(Related to the Apply the Concept on page 1071 ) An article on usatoday.com included the following two observations: First, "Chinese companies and individuals have begun to invest more heavily outside the country." Second, "The yuan has dropped nearly 7 percent against the dollar so far this year. The Chinese government has responded by draining its foreign exchange reserves to buy yuan, hoping to slow the currency's fall." a. Is there a connection between Chinese companies and individuals investing more heavily outside the country and the drop in the yuan? Briefly explain. b. Why might the Chinese government want to slow the fall in the yuan? c. Why would the Chinese government have to drain its foreign exchange reserves to slow the fall in the yuan?

Short Answer

Expert verified
Chinese companies and individuals investing more heavily outside China can lead to a drop in the value of the yuan as they sell yuan to buy foreign currencies.

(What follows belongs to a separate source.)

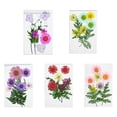 thumbnail image 1 of Flor seca natural Flores coloridas Ornamento Arte DIY Crafting Flossed Floral Seco Plant para tarjetas de boda Velas de resina 5 Conjuntos Speravity HA010742-00, 1 of 7
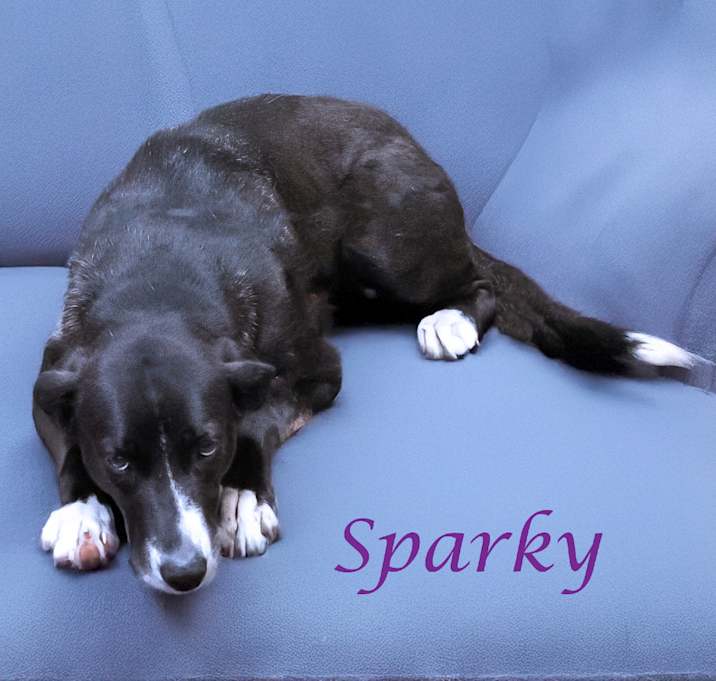 Photo of Sparky D25-077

The Chinese government may want to intervene to slow the fall of the yuan for economic stability and maintaining domestic and international trust. It uses its foreign exchange reserves to buy the yuan, thus bolstering its value.

Step by step solution

01

Connection between Investments and Currency Value

Yes, there is a connection. When Chinese companies and individuals invest more heavily outside the country, they may sell their yuan to buy foreign currencies to make these investments. This increase in the supply of yuan versus demand can result in a depreciation of the yuan against these currencies, thus causing a drop in its value.
02

Reason for Government Intervention

The Chinese government might want to slow the fall in the yuan to maintain economic stability and confidence domestically and internationally. A falling currency can lead to higher inflation as import goods become more expensive, which can erode consumer's purchasing power. It also can cause capital to flow out of the country, as investors move to stronger currencies, which could destabilize the financial system.
03

Why Draining Foreign Exchange Reserves?

The Chinese government would have to drain its foreign exchange reserves to buy up yuan and decrease its supply in the market. This action increases the demand for yuan, which in turn could help in slowing its fall. This is often seen as a last resort due to the goal of maintaining large foreign exchange reserves for financial stability.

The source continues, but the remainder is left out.